▶ _TASK TO CARRY OUT_: For the material below, reproduce exactly each line from the one that has "Strasbourg - France" through the one that has "Svetlomodrá rifľová bunda", and no others; pictures stay out.

===== EXERCISE MATERIALS

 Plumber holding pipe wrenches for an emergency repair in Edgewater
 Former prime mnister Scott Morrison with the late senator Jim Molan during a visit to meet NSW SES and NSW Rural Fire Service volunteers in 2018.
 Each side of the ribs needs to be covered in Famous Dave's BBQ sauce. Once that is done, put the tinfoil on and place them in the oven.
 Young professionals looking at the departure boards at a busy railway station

==========
===== EXERCISE MATERIALS

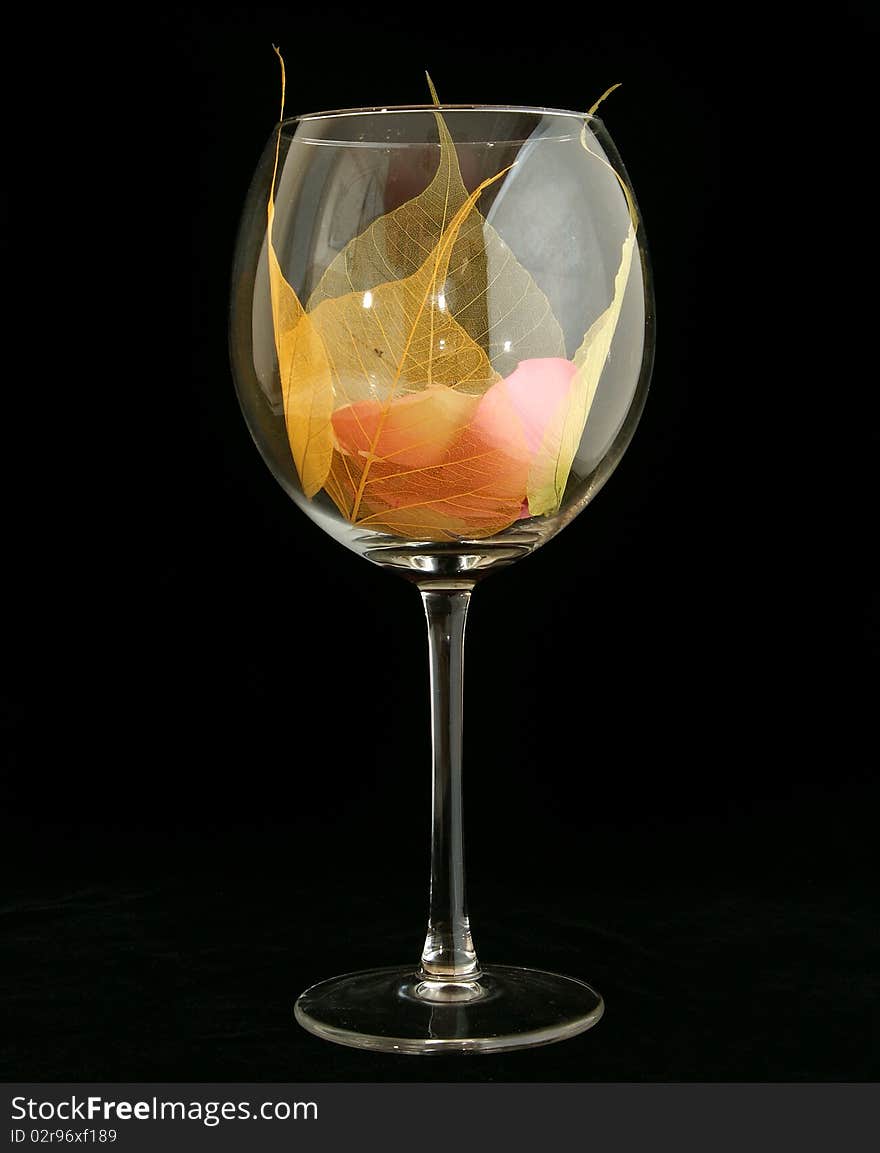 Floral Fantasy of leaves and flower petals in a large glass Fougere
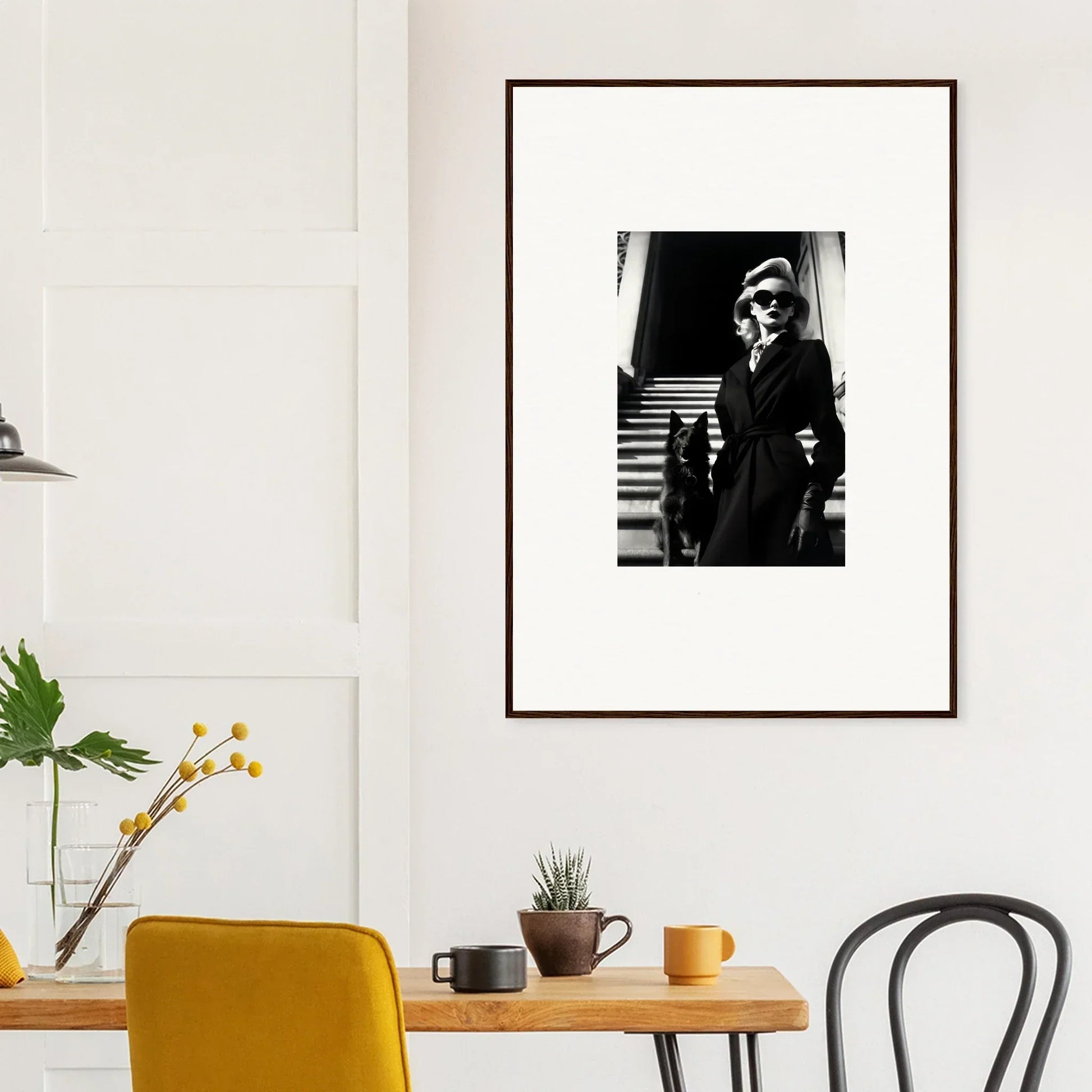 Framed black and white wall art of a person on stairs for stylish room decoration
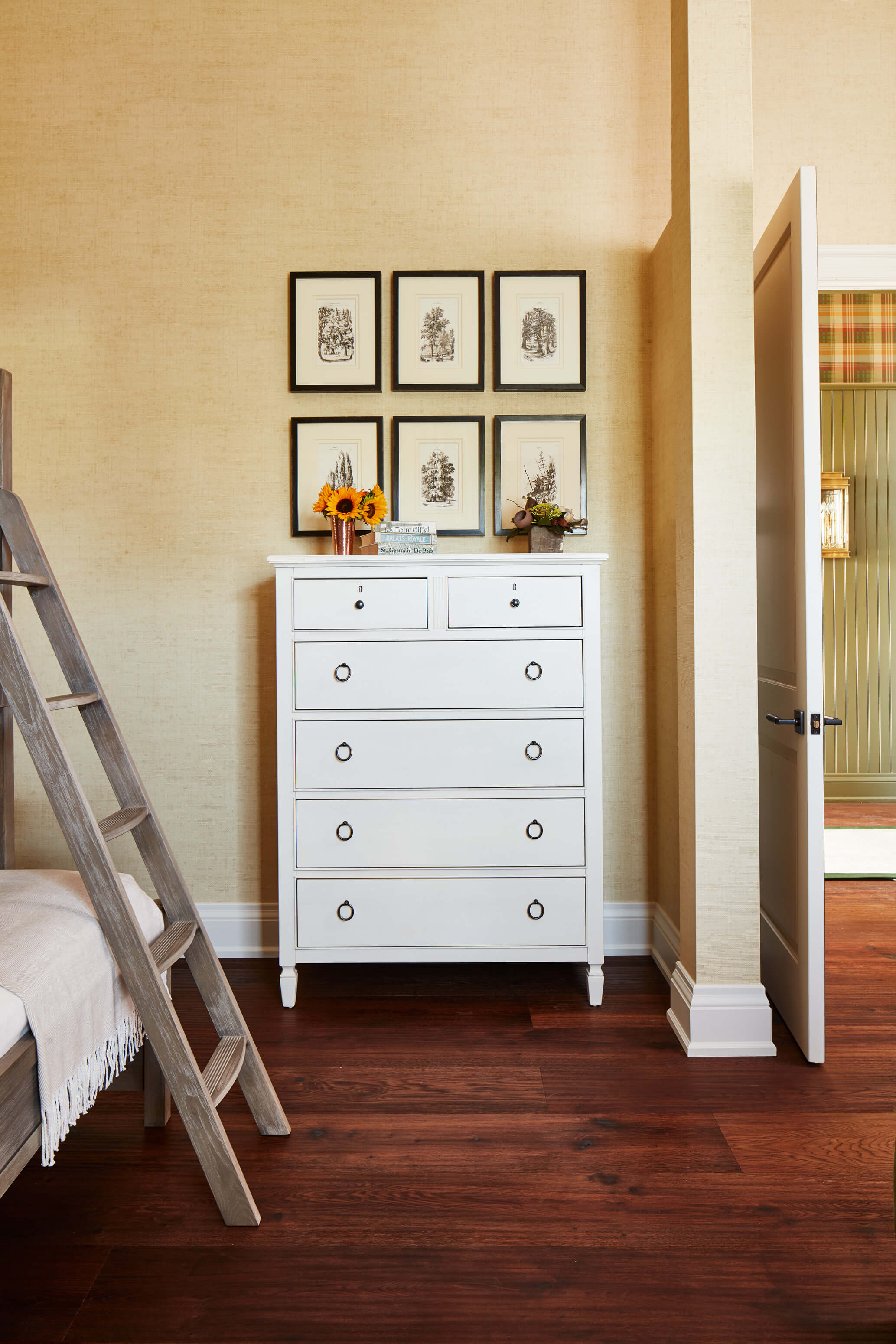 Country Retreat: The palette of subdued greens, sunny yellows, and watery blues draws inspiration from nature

==========
===== EXERCISE MATERIALS

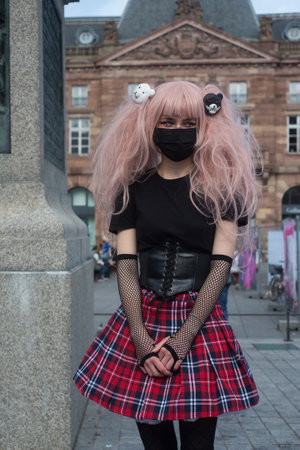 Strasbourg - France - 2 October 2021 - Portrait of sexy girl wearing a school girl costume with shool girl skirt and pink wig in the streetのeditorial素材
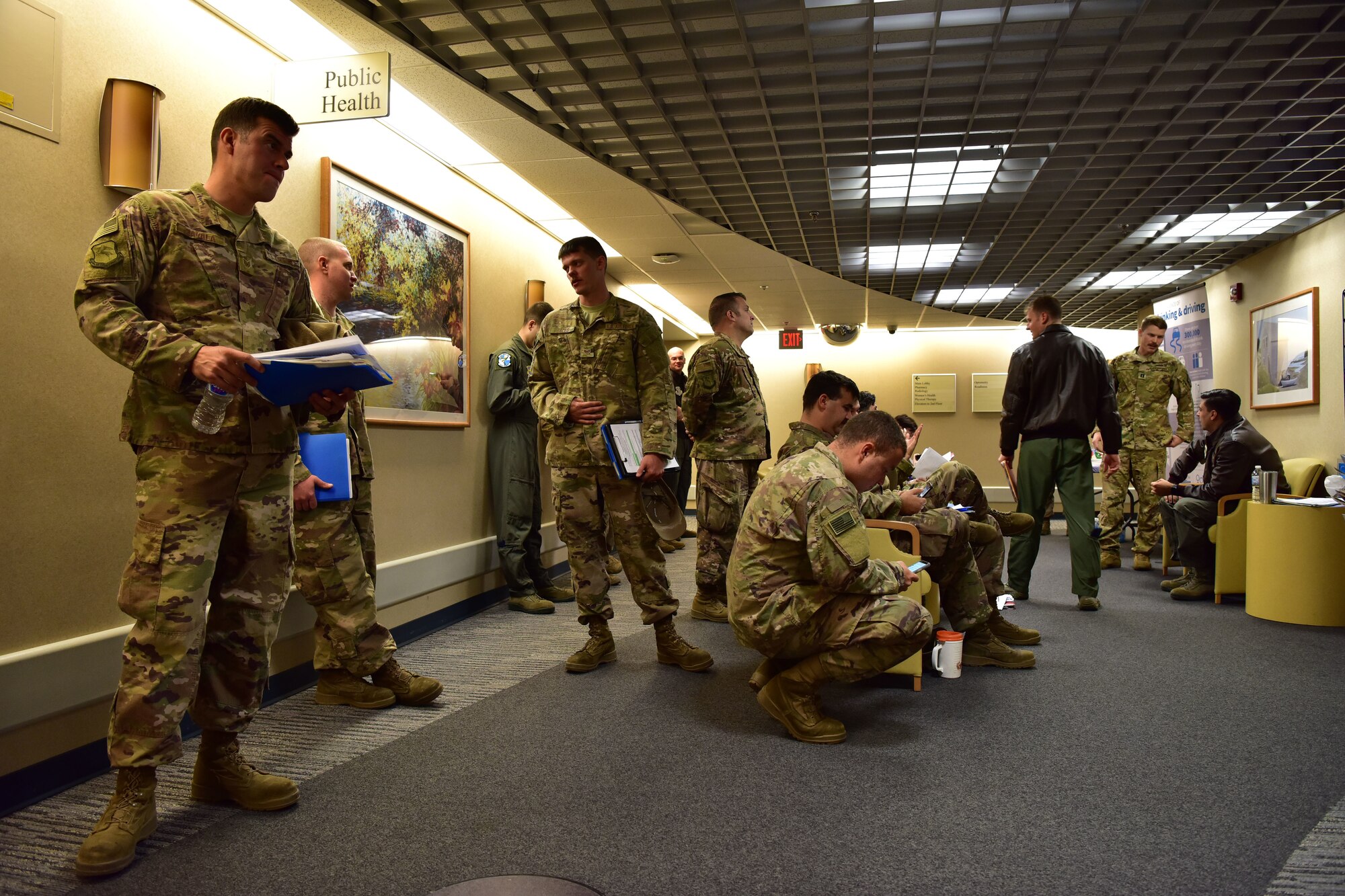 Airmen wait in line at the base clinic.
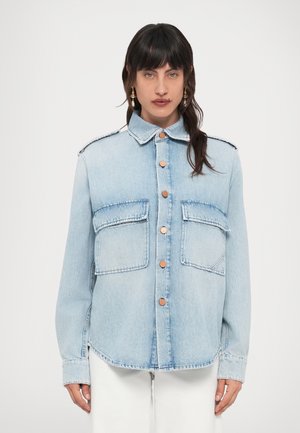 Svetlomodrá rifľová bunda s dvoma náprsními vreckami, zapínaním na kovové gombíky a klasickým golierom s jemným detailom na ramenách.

==========

▶ _ANSWER BOX_:
 Strasbourg - France - 2 October 2021 - Portrait of sexy girl wearing a school girl costume with shool girl skirt and pink wig in the streetのeditorial素材
 Airmen wait in line at the base clinic.
 Svetlomodrá rifľová bunda s dvoma náprsními vreckami, zapínaním na kovové gombíky a klasickým golierom s jemným detailom na ramenách.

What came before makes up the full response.